Reproduce the listing that follows character for character, excluding its pictures.

Data for analysis:
^^^^

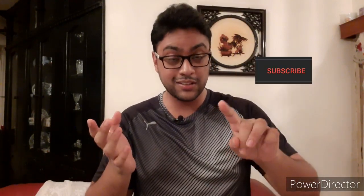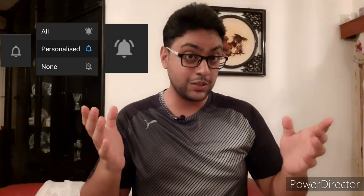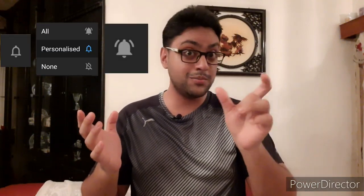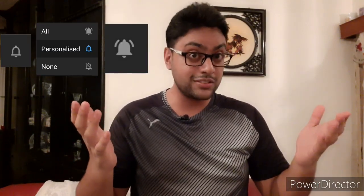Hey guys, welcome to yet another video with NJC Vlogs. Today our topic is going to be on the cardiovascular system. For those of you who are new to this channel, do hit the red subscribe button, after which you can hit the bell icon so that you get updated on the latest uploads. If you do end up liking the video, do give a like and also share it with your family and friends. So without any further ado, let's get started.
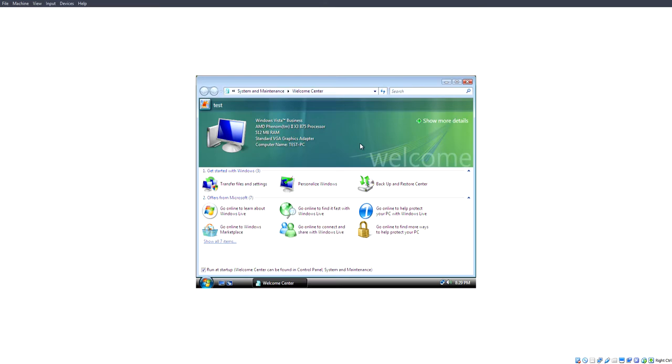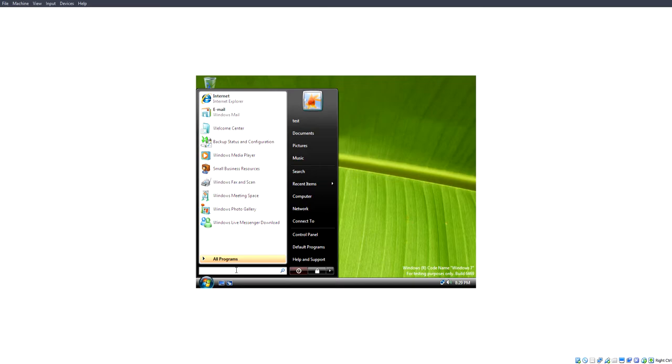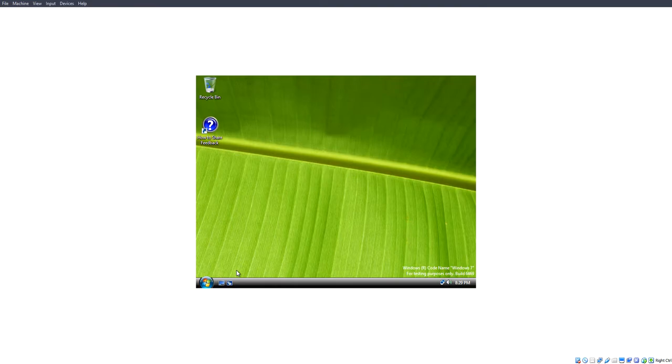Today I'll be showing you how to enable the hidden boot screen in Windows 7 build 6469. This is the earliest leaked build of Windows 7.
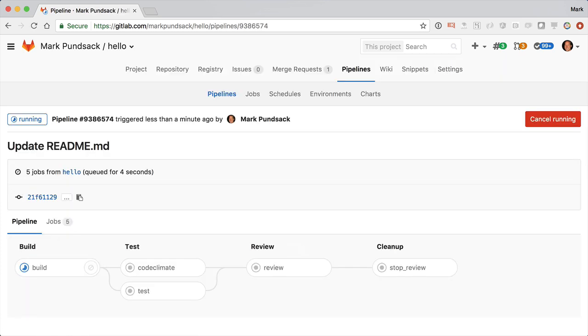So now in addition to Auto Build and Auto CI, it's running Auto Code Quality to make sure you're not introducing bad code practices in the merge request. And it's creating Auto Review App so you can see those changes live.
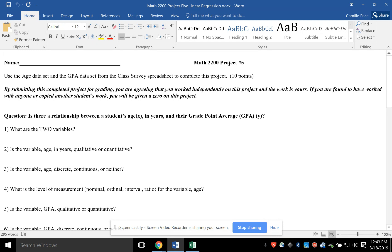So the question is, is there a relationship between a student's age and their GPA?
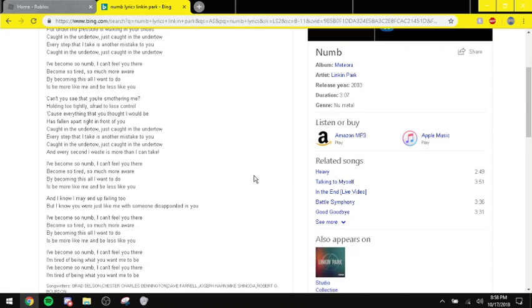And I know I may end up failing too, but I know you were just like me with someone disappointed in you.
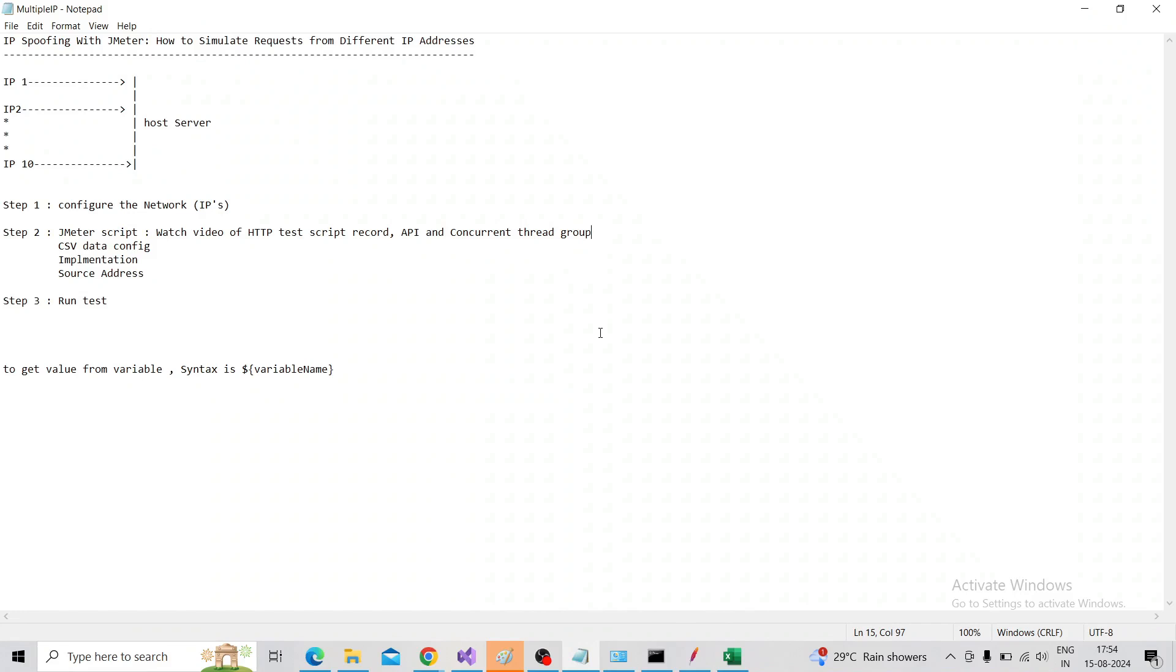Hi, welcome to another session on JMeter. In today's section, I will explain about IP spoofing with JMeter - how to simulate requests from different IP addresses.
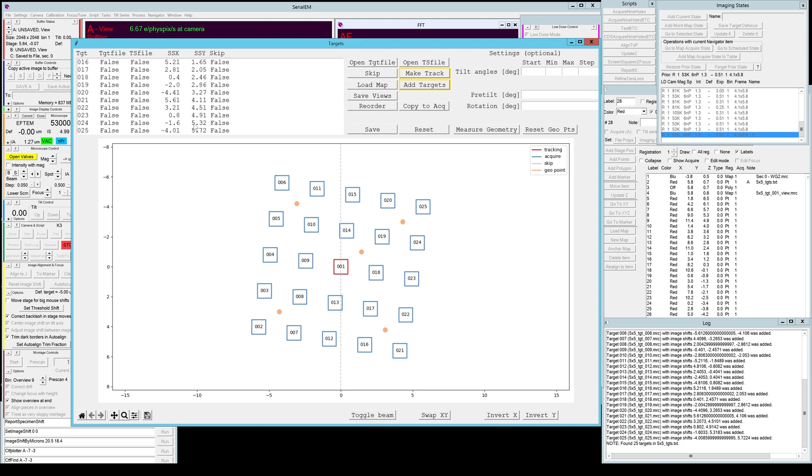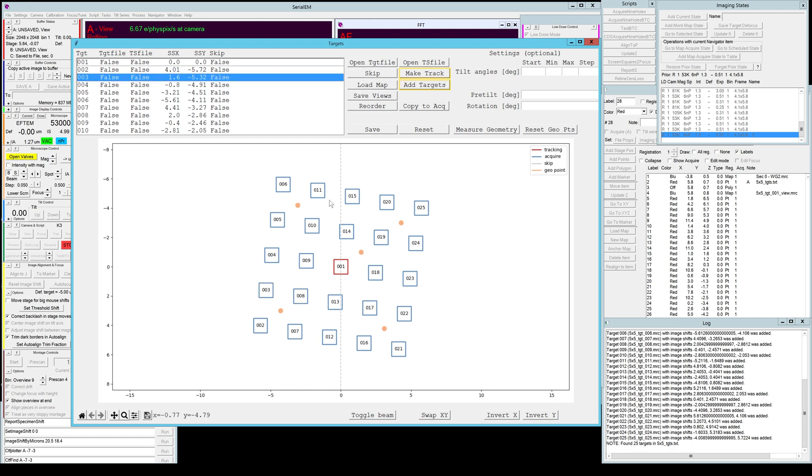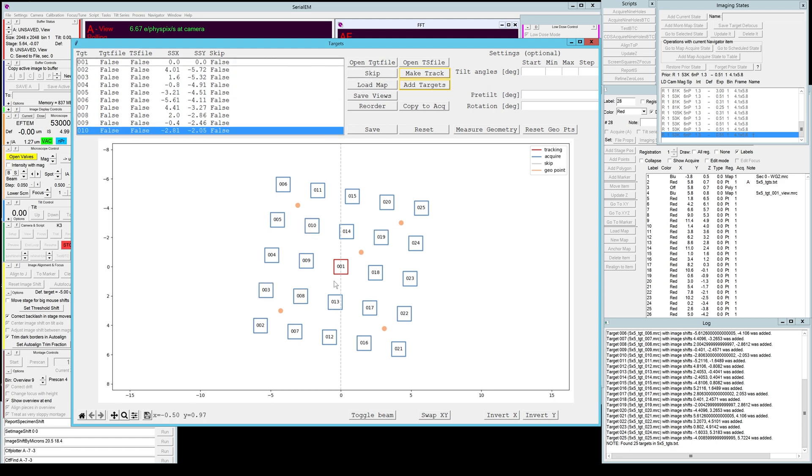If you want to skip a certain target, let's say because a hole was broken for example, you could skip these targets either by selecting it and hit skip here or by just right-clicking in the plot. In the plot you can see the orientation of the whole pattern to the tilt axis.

^^^^

Reply:
Hey guys, welcome to yet another video with NJC Vlogs. Today our topic is going to be on the cardiovascular system. For those of you who are new to this channel, do hit the red subscribe button, after which you can hit the bell icon so that you get updated on the latest uploads. If you do end up liking the video, do give a like and also share it with your family and friends. So without any further ado, let's get started.
Today I'll be showing you how to enable the hidden boot screen in Windows 7 build 6469. This is the earliest leaked build of Windows 7.
So now in addition to Auto Build and Auto CI, it's running Auto Code Quality to make sure you're not introducing bad code practices in the merge request. And it's creating Auto Review App so you can see those changes live.
So the question is, is there a relationship between a student's age and their GPA?
And I know I may end up failing too, but I know you were just like me with someone disappointed in you.
Hi, welcome to another session on JMeter. In today's section, I will explain about IP spoofing with JMeter - how to simulate requests from different IP addresses.
If you want to skip a certain target, let's say because a hole was broken for example, you could skip these targets either by selecting it and hit skip here or by just right-clicking in the plot. In the plot you can see the orientation of the whole pattern to the tilt axis.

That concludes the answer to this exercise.